The book began last year as a series of dispatches for Vanity Fair, where Mr. Lewis was a contributing writer for a decade. (He has since left the magazine and shifted his longform journalism to Audible, the audiobook producer and retailer). Mr. Lewis went to Washington to report on how different departments were adapting under the Trump administration. His dreary-sounding assignment was to study the material that had been prepared for political appointees coming in to head the departments under the new administration. (Agriculture employees, for example, had prepared a 13-volume overview of its programs that spanned 2,300 pages). He found it riveting.

In another section, which will be released as an audio original by Audible next week, Mr. Lewis writes about the Department of Commerce, and efforts by AccuWeather chief executive Barry Myers, who heads the National Oceanic and Atmospheric Administration, to privatize weather forecasting.
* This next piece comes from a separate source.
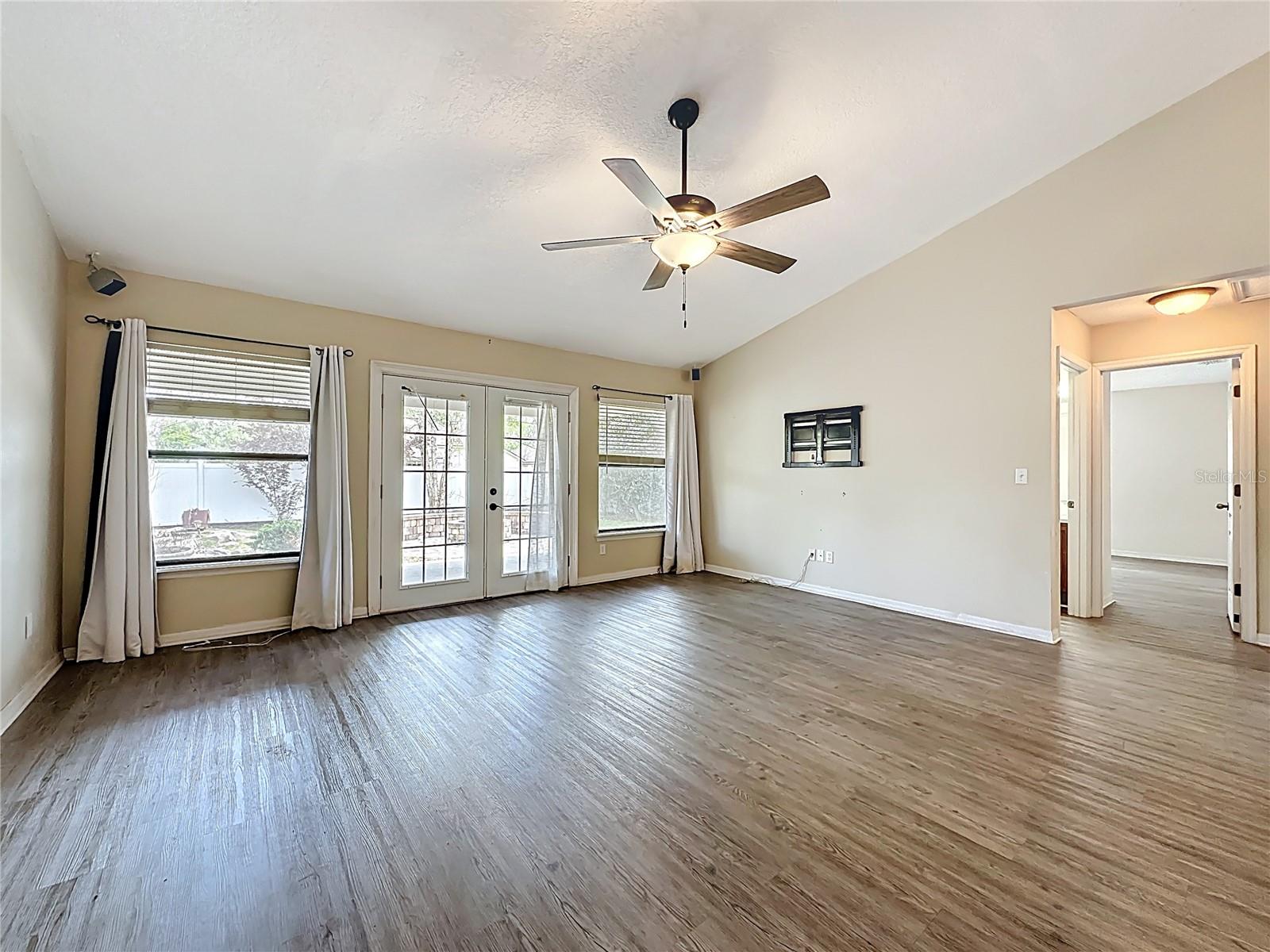3371 CLASSIC OAK CT, ORANGE PARK, FL, 32065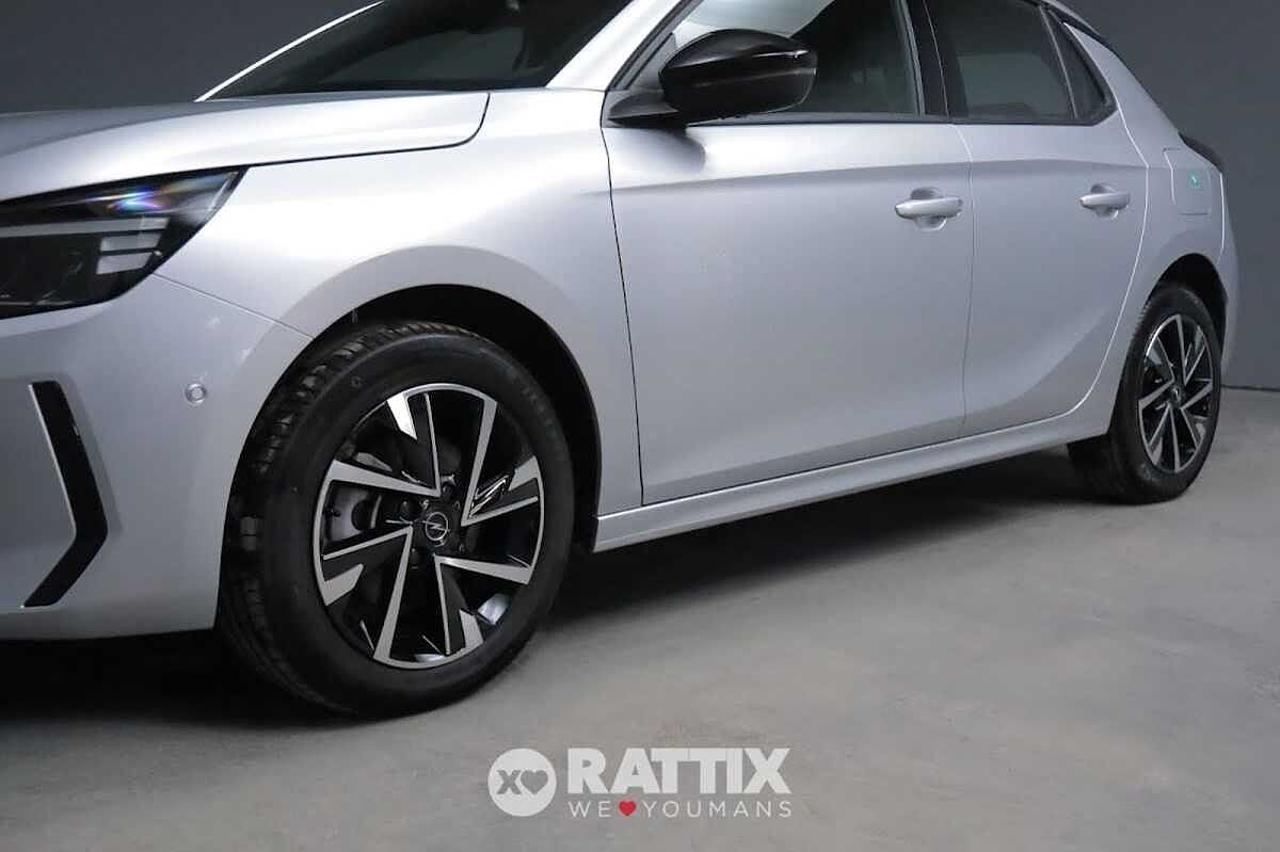 Opel Opel Corsa usata 22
[ Read more about how Mr. Lewis and other best-selling authors who are writing audio originals ]

Although he’s covered political campaigns, writing about the inner workings of government was a first for Mr. Lewis, who is best known for narrative page-turners like “Moneyball” and “The Big Short.” He says he approached it the same way he’s infiltrated other seemingly impenetrable institutions.

“It’s not that different from writing about Wall Street, these big, gray institutions that are suddenly interesting,” he said. “From a literary point of view, Trump has electrified the material by the threat of neglect and mismanagement on a scale that we haven’t seen before.”